Nederlands burgemeester
(Doorverwezen vanaf Jan Willem van Vredenburch)

Jonkheer mr. Johan Willem van Vredenburch (Delft, 6 augustus 1782Rijswijk, 14 december 1849) was een Nederlands bestuurder in de eerste helft van de negentiende eeuw.

Johan Willem van Vredenburch
Gezin van J.W. van Vredenburch.

Leven en werk bewerken

Hij stamde uit een voornaam bestuurdersgeslacht en ging in 1800 naar Leiden om rechten te studeren. Hij was een toegewijd student, en slaagde erin om in 1805 de doctorstitel te behalen in het Romeinse en hedendaagse recht. Zijn Dissertatio juridica inauguralis de prohibitis nuptiis inter tutorem et pupillam ex jure Romano et hodierno werd tot de beste academische proefschriften van zijn tijd gerekend.

Na zijn opleiding koos hij er voor om zich terug te trekken op het buitenhuis Overvoorde in Rijswijk om er letterkunde en natuurkunde te bestuderen. In 1809 werd hij voorgedragen tot lid van de Maatschappij van Nederlandsche Letterkunde. Later werd hij ook toegelaten tot de Hollandsche Maatschappij van Wetenschappen te Haarlem, het Provinciaal Utrechtsch Genootschap van Kunsten en Wetenschappen en de Eerste Klasse van het Koninklijk Nederlandsche Instituut.

In 1811 werd hij benoemd tot de eerste burgemeester van Rijswijk.[1] Hij zou dat tot 1847 blijven. In 1814 werd hij benoemd als lid van de Provinciale Staten, en in 1815 tot buitengewoon lid van de Staten-Generaal.

Hij voelde zich betrokken bij het onderwijs en zorgde er in Rijswijk voor dat kinderen uit arme gezinnen kosteloos naar school konden gaan. Hij was tevens schoolopziener van het negende district van Zuid-Holland.[2]
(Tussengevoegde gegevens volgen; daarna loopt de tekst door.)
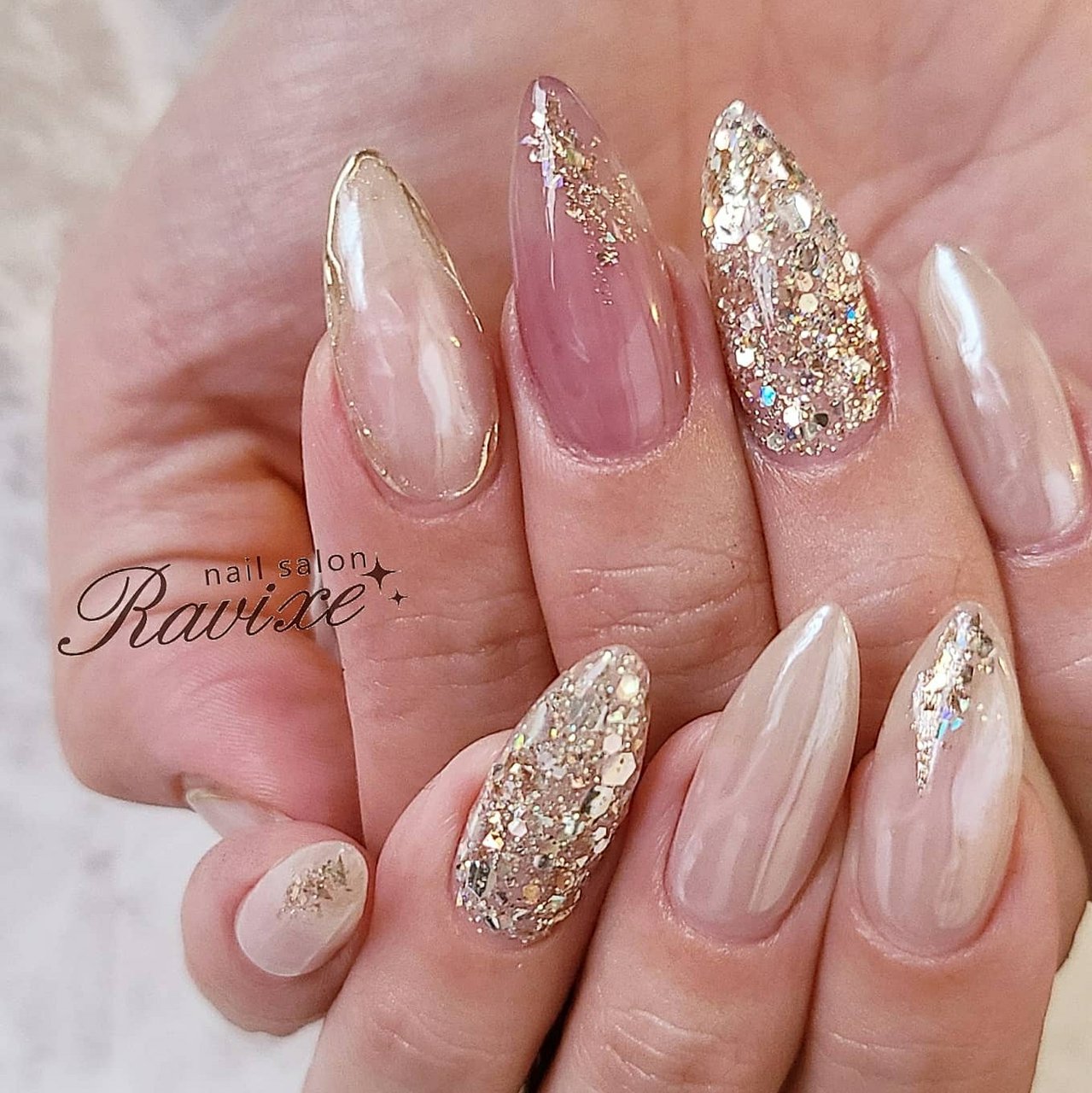 夏 ハンド ホログラム ラメ シースルー Nailsalon Ravixeのネイルデザイン No ネイルブック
Hij was een vrijmetselaar en secretaris-generaal van het Groot-Oosten der Nederlanden van 1812 tot 1842. Bij zijn overlijden werd een medaille geslagen waarvan elke loge verbonden aan het Groot-Oosten een exemplaar ontving.

Op 24 november 1816 werd hij in de adelstand verheven (jonkheer). Zijn devies was agro evellite spinas.

Johan Willem van Vredenburch stierf na een slopende ziekte, bedlegerig en blind, op 67-jarige leeftijd in 1849.

Familie bewerken

Hij trouwde op 19 juni 1820 met Maria Adriana van der Pot, vrouwe van Groeneveld (1795 - 1861). Uit het huwelijk kwamen negen kinderen voort, zes zonen en drie dochters, waarvan er echter zes nog voor 1851 zouden sterven. Zijn zoon Jacob volgde hem in 1847 op als tweede burgemeester van Rijswijk.